I would say that is a good idea anyway, but maybe you can post your
query. There might be a way to totally rewrite it like the CASE & GROUP
BY idea for Jean-Christian (not that that idea is faster by definition,
but you never know).

Jochem

Re: IN vs EXIIST

From
Jean-Christian Imbeault
Date:
Jan Weerts wrote:
>
> A sad sidenote: I am stuck here with a similar IN/EXIST problem. One of
> our expensive queries contains NOT IN and IN as subqueries. As I was
> advised on this list, I tried to replace IN with EXISTS. When doing so
> for part of the query (omitting one of the IN subqueries) the IN and
> EXIST versions are both about the same speed in execution (about 30sec).

At least you get the same speed. In my case replacing IN with EXISTS
makes it about 25X slower!

> EXPLAIN tells me, that the EXIST version should be 15 times faster,
> which it is not. Caching is also not an issue here.

Yup, same as me. BTW how do I clear the cache?

> EXPLAIN also shows, that both queries want to perform a sequential scan
> on the outermost query part, instead of an index scan (where clause on
> the primary key).

To test this I added an index on outer query search term and
lo-and-behold ...

Just like you I get a seq scan on the outer part for both but the IN
query does a seq scan on the inner query while the EXISTS uses an index
scan. The EXISTS is still just as slow though ..

> My next plan is to switch from 7.1.3 to 7.2, but that requires some
> planning, as the database is permamently used.

I'm on 7.2 so I don't know if that will help ;)

Jc


Re: IN vs EXIIST

From
Jean-Christian Imbeault
Date:
Jochem van Dieten wrote:
 >
 > SELECT     key1, Min(CASE WHEN x THEN 1 ELSE 0 END) AS isTrue
 > FROM       table
 > GROUP BY   key1
 > HAVING     isTrue = 1

I tried this but got an error:

psql TMP -c "select invoice_id, min(case when received then 1 else 0
end) as ok from invoice_li group by invoice_id having ok = 1"
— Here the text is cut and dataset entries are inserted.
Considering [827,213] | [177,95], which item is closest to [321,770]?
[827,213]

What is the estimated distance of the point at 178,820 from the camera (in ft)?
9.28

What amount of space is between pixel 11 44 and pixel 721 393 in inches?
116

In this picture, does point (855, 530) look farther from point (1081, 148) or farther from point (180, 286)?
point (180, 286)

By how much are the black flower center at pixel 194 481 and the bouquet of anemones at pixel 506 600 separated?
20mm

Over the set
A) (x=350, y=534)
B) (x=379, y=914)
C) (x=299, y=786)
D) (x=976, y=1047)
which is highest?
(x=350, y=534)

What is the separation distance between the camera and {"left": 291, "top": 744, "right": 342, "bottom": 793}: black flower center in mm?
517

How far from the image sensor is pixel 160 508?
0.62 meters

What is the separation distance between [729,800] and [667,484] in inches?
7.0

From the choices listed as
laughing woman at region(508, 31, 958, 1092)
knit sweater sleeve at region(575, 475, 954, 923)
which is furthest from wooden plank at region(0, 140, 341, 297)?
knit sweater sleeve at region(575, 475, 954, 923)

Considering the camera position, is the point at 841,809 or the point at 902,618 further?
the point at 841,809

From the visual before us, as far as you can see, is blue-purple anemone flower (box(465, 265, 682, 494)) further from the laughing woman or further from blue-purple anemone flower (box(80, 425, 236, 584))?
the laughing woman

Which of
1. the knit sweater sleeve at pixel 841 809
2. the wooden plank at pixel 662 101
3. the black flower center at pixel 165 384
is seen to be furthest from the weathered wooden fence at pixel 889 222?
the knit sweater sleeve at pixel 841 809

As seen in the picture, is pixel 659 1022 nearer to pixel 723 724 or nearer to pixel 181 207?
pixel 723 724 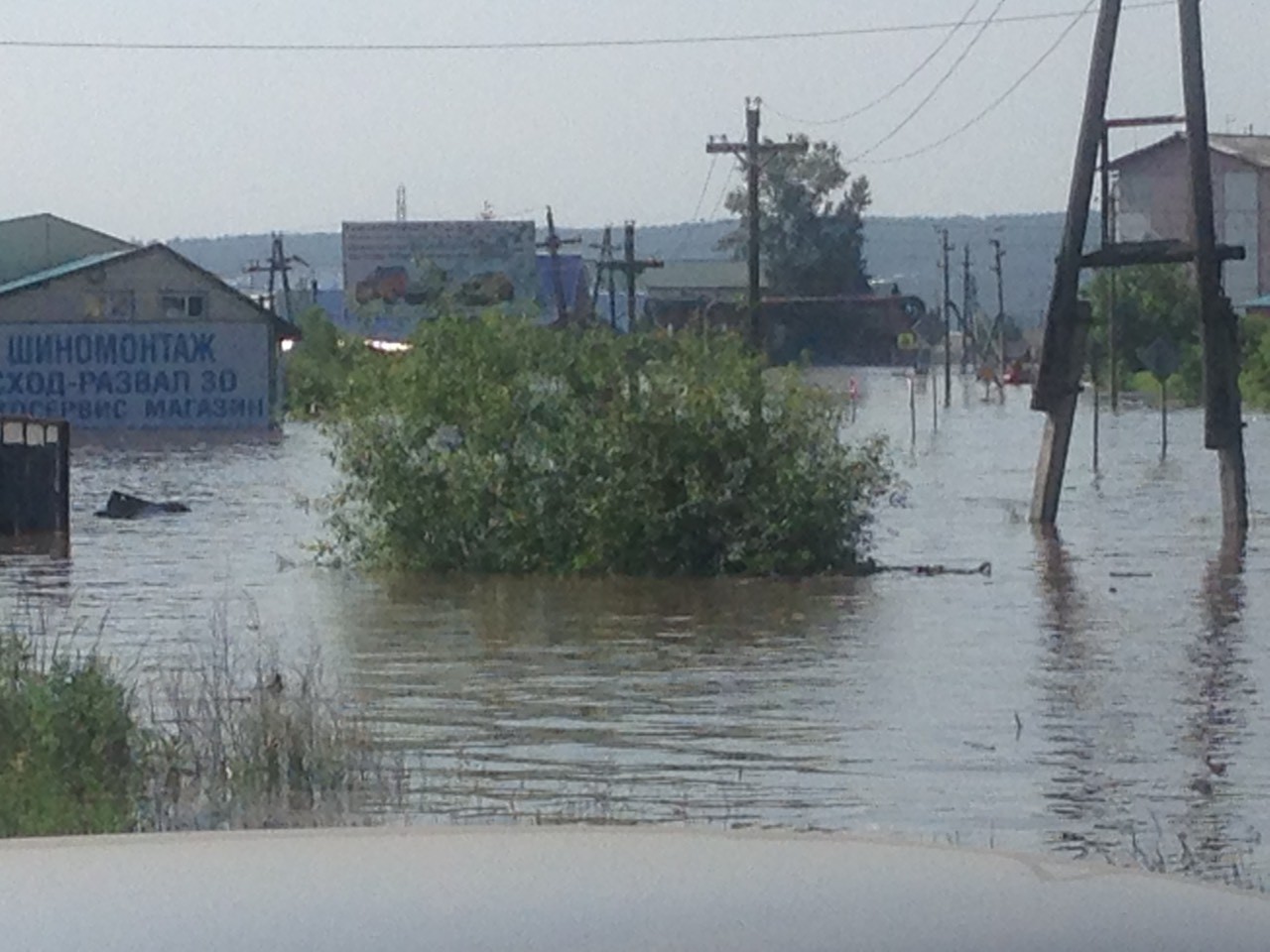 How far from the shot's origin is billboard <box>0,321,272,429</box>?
67.9 m

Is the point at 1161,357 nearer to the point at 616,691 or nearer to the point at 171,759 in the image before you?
the point at 616,691

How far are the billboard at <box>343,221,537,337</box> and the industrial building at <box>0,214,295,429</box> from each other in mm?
20445

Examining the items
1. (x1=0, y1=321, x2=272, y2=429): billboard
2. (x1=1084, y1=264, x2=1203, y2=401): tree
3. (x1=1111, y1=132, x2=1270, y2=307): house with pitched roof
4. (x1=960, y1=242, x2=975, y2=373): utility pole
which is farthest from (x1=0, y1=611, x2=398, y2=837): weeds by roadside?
(x1=960, y1=242, x2=975, y2=373): utility pole

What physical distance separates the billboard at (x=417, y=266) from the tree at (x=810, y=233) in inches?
1200

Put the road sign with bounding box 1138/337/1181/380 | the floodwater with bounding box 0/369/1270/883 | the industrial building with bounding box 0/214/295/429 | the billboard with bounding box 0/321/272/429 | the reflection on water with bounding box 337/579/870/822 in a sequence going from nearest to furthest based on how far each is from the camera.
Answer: the floodwater with bounding box 0/369/1270/883
the reflection on water with bounding box 337/579/870/822
the road sign with bounding box 1138/337/1181/380
the billboard with bounding box 0/321/272/429
the industrial building with bounding box 0/214/295/429

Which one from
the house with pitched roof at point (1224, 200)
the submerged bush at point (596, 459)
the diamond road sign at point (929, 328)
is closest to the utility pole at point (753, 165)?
the submerged bush at point (596, 459)

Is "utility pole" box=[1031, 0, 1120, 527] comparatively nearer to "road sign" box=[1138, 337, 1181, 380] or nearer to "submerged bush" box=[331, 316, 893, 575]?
"submerged bush" box=[331, 316, 893, 575]

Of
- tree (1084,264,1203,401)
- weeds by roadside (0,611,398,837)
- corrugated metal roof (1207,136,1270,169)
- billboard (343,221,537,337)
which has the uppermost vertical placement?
corrugated metal roof (1207,136,1270,169)

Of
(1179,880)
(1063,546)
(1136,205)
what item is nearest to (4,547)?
(1063,546)

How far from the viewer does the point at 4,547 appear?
2917 centimetres

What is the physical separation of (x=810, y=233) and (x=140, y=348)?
219 feet

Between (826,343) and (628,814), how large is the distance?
12193 centimetres

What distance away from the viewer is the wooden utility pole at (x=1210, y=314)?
1078 inches

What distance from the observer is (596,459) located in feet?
76.6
ERROR:  Attribute 'ok' not found

Jc




Re: IN vs EXIIST

From
Jochem van Dieten
Date:
Quoting Jean-Christian Imbeault <jc@mega-bucks.co.jp>:
>
> Jochem van Dieten wrote:
>  >
>  > SELECT     key1, Min(CASE WHEN x THEN 1 ELSE 0 END) AS isTrue
>  > FROM       table
>  > GROUP BY   key1
>  > HAVING     isTrue = 1
>
> I tried this but got an error:
> psql TMP -c "select invoice_id, min(case when received then 1 else 0
> end) as ok from invoice_li group by invoice_id having ok = 1"
> ERROR:  Attribute 'ok' not found

Sorry, not behind the console at the moment. Try either:

SELECT     invoice_id
FROM       (
  SELECT    invoice_id, Min(CASE WHEN received THEN 1 ELSE 0 END) AS ok
  FROM      invoice_li
  GROUP BY  invoice_id
           ) agg_invoices
WHERE      ok = 1

or:

SELECT    invoice_id, Min(CASE WHEN received THEN 1 ELSE 0 END) AS ok
FROM      invoice_li
GROUP BY  invoice_id
HAVING    Min(CASE WHEN received THEN 1 ELSE 0 END) = 1

Make sure you have an index on invoice_id. I am not sure if it is
faster because of the case that needs to be done on each row, but I
think it is worth a shot.

Jochem

Re: IN vs EXIIST

From
Andrew Sullivan
Date:
On Thu, Sep 19, 2002 at 06:36:56PM +0900, Jean-Christian Imbeault wrote:
>
> Maybe EXISTS is not always faster than IN ?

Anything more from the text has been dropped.